**Exercise details**
Exact reproduction of every record is required, and pictures are to be excluded.

Captioned web image data
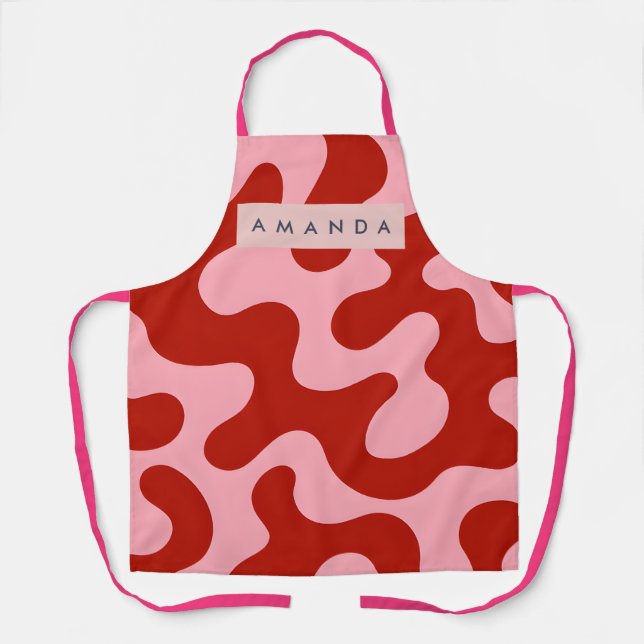 Personalized Playful Pink and Red Abstract Camo Schürze (Vorderseite)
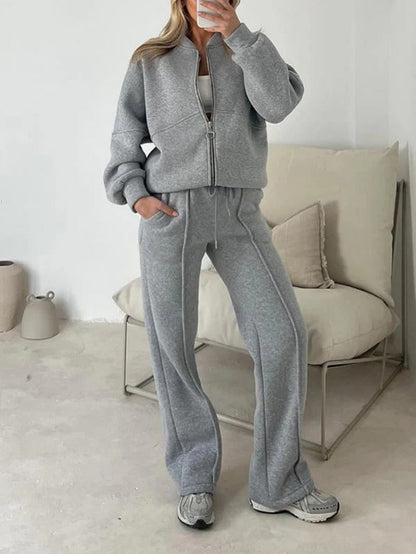 Dames Trainingsoutfit Sportief met Ritsvest en Wijde Joggingbroek
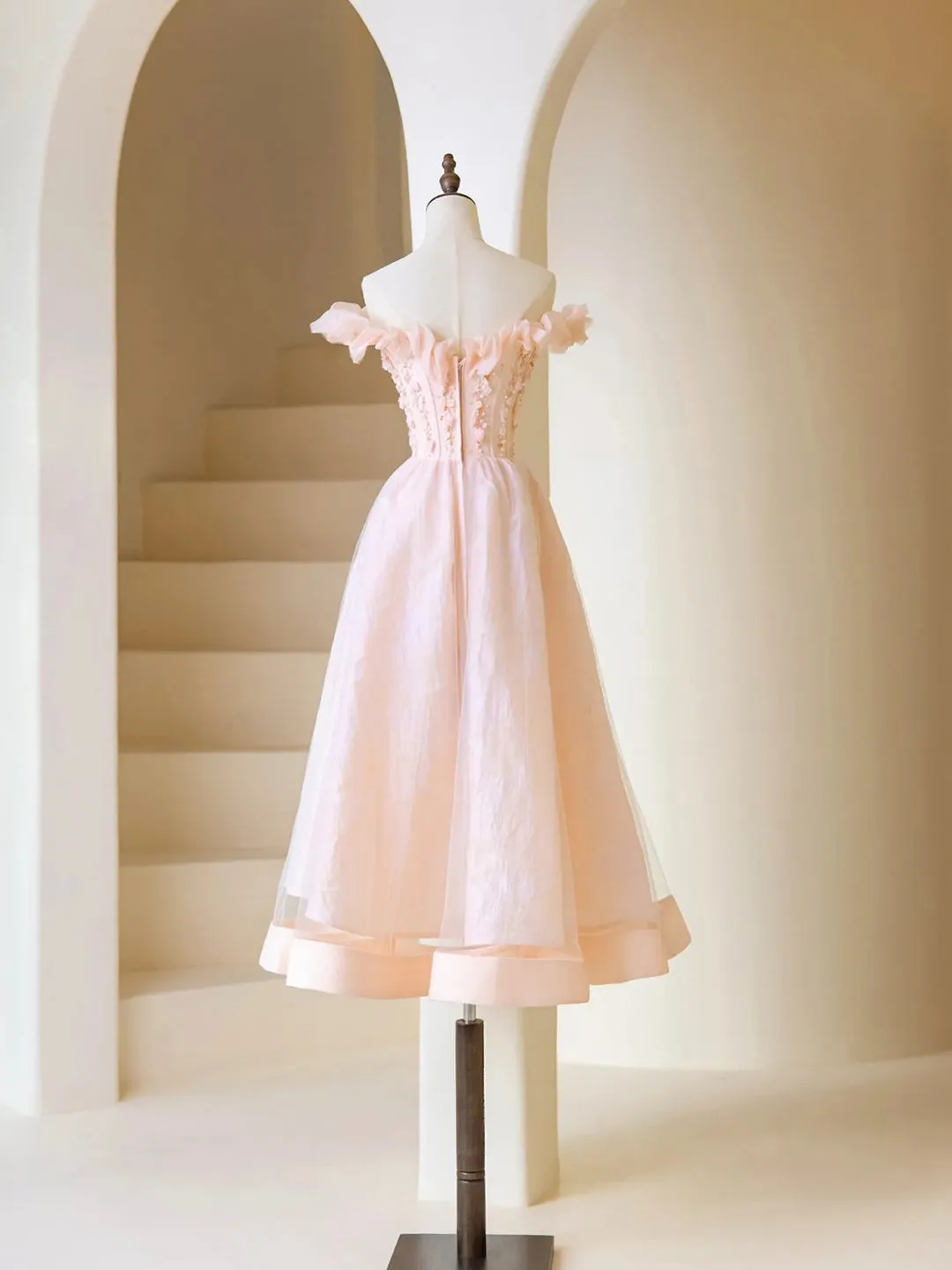 Pink Tulle Beaded Short Prom Dress, Beautiful Pink Off Shoulder Evening Party Dress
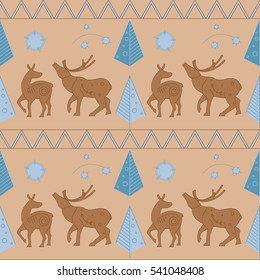 Seamless pattern with deer. Nordic style. Textiles. Christmas wrapping paper. Print. Cloth design, wallpaper.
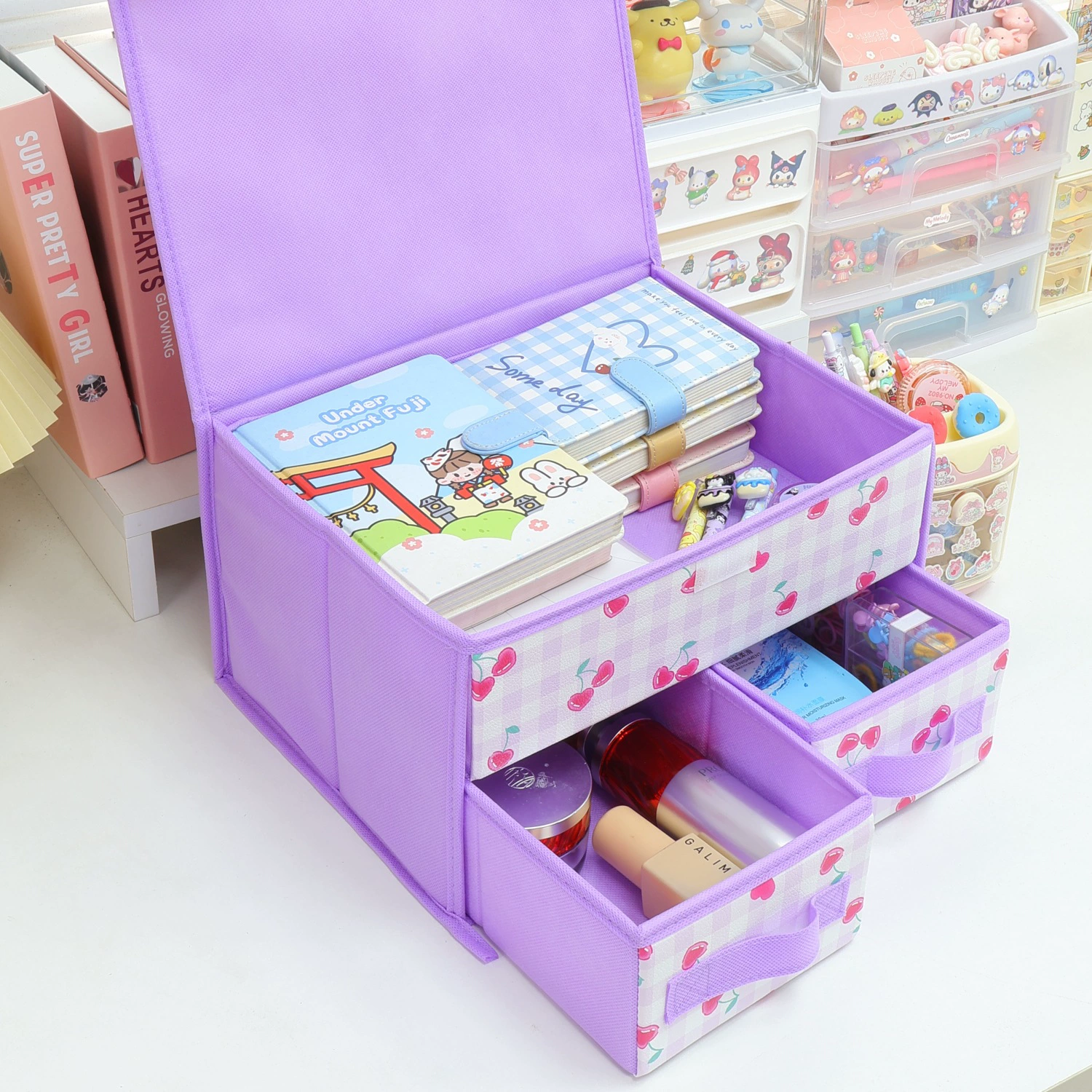 Cartoon cloth, underwear, double-layer storage box, bra, socks, foldable stationery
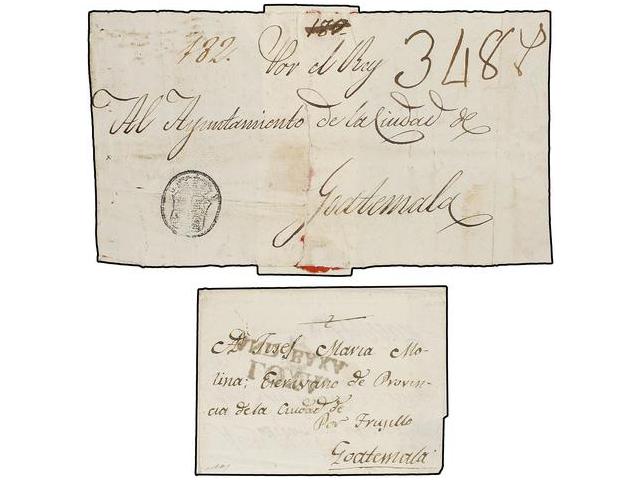 GUATEMALA. (1800 CA.). Dos carta ... 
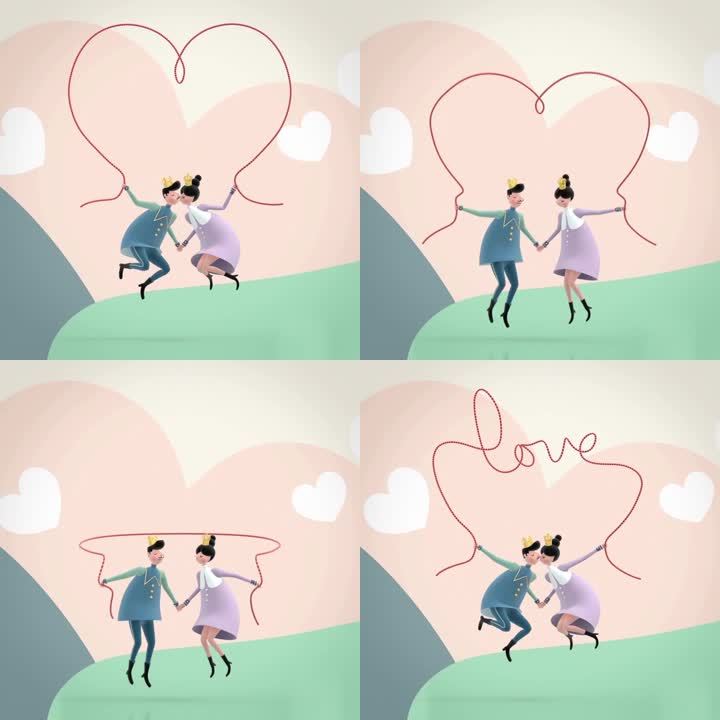 情侣 爱情 甜美 甜蜜 唯美浪漫 卡通m g婚礼 婚礼动画 卡通人love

**Answer**
 Personalized Playful Pink and Red Abstract Camo Schürze (Vorderseite)
 Dames Trainingsoutfit Sportief met Ritsvest en Wijde Joggingbroek
 Pink Tulle Beaded Short Prom Dress, Beautiful Pink Off Shoulder Evening Party Dress
 Seamless pattern with deer. Nordic style. Textiles. Christmas wrapping paper. Print. Cloth design, wallpaper.
 Cartoon cloth, underwear, double-layer storage box, bra, socks, foldable stationery
 GUATEMALA. (1800 CA.). Dos carta ... 
 情侣 爱情 甜美 甜蜜 唯美浪漫 卡通m g婚礼 婚礼动画 卡通人love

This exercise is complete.